I owe the people in my life who are bravely dancing the dance despite those telling them they shouldn’t—the strange gorgeous genuine shameless loving types—so much. They led me into the party. (I hope you know who you are!) I owe the main guy who walked into the room and reminded us all that according to some other measure, there’s nothing wrong…Well, I owe him everything. Truly everything. (I know you know who you are! @Jesus @God)
Which brings us here.
There’s a one-way ticket to Antigua, Guatemala with tomorrow’s date and my name on it, and I’m so very excited, guys. But I’d like to get something straight. After language school, I move to Honduras and my job title at Farm of the Child will officially become “missionary” and eventually “teacher”… but I’d really really prefer to be called student. Or maybe even just an adult kid.

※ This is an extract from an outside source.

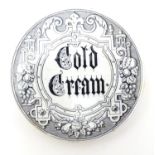 An early 20thC pot lid for Cold Cream with monochrome decoration. Approx. 3" diameter Please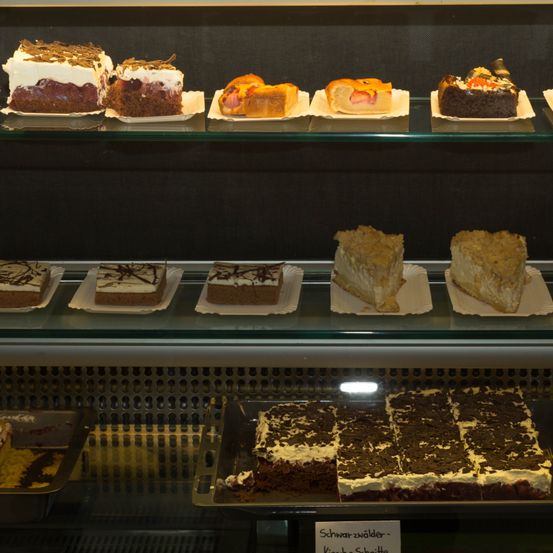 Eine Vitrine mit verschiedenen Desserts wie Kuchen und Torten, einige mit Früchten oder Schokolade garniert. Unten steht ein Schild 'Schwarzwalder-Kirsch-Torte'.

Because when people aggrandize it as this big favor I’m swooping in and doing for the poor orphaned children, I gag a little. No no no no no. I’m not helping anyone by thinking that “I” am helping the “them,” because that’s reinforcing the whole haves/have-nots BS we need to de-bunk here, am I right? I’m still re-learning this dance after all. I’m just hanging out with my fellow humans, and probably sharing some English language. (I’m really excited to get to the part where I tell them that thorough, tough, through, thought, and though all sound completely different. I think that’ll go well)

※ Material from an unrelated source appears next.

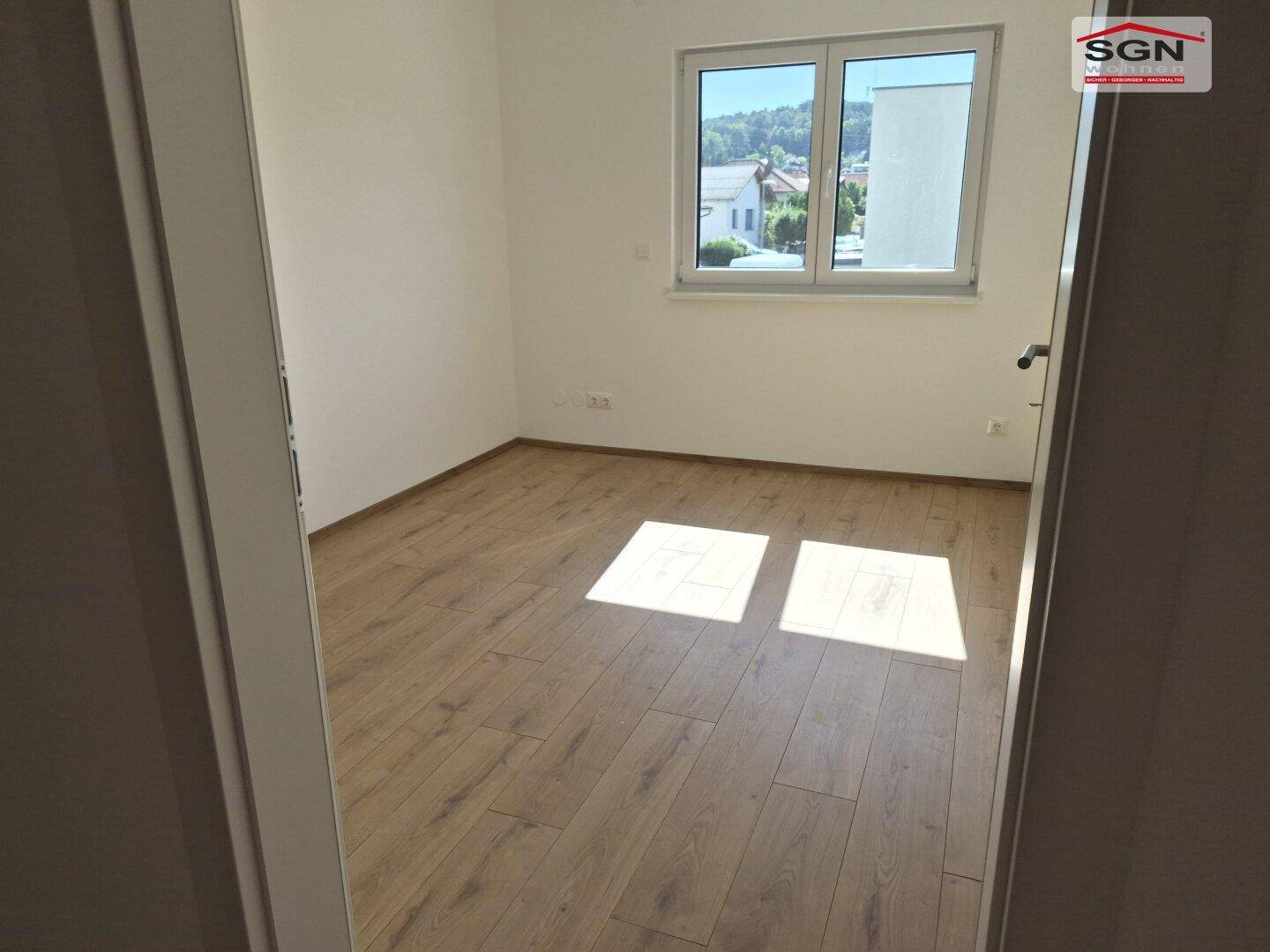 Leeres Schlafzimmer mit hellem Laminatboden und Fenster mit Blick ins Grüne.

Any position we hold can be service, just so easily as it cannot. The Finca kids and I will be most helpful to one another by reminding ourselves, and then each other, that there’s something bigger than our worldly circumstances and it’s possible to be happy, to love each other. That I’m joyful even though I’m that stuttering-white-peliroja-fish-out-of-water, who does yoga and plays the ukulele very imperfectly, even though I’m just a kid who is far from an expert at this life game. And despite their traumas, their burdens, their day-to-day struggles of just growing up, it’s a joy possible for them too. That’s where we grow and re-learn the dance again, way more than from people’s efforts to “fix” us.
I guess, if we must call me “teacher,” I think back to the many teachers in my life who pointed me toward the party and say: If I can be the eyes that see each of these kids, like really see them, and they eventually are led to see for themselves that they are not indeed “have-nots” after all, I cannot think of a higher God-given honor. I’ll do my best. We’ll see. I’ll love them either way.
Edwina Gateley wrote a really awesome reflection I read for a theology class in Notre Dame (You’ve officially found the one nerd who hoards class readings), and I think this quote rings true here: “True compassion is not about being one with one’s own social cultural group, but it is being able to see and know oneself as connected to every human person without reservation. The words of Jesus, ‘I am in you and you are in me’ became gloriously real and alive on society’s edges. That experience itself is magic on the margins.”
And while we’re quoting people who say it better than I can, here’s another one: “In the presence of love, the laws that govern the normal state of affairs are transcended.” -Marianne Williamson, A Return to Love
The Haves-Only Party is not a gated community. All are welcome. Come as you are, whatever that looks like, and eventually you’ll see in a new light. There’s nothing wrong. There are only Haves. And we’re all in the same dance.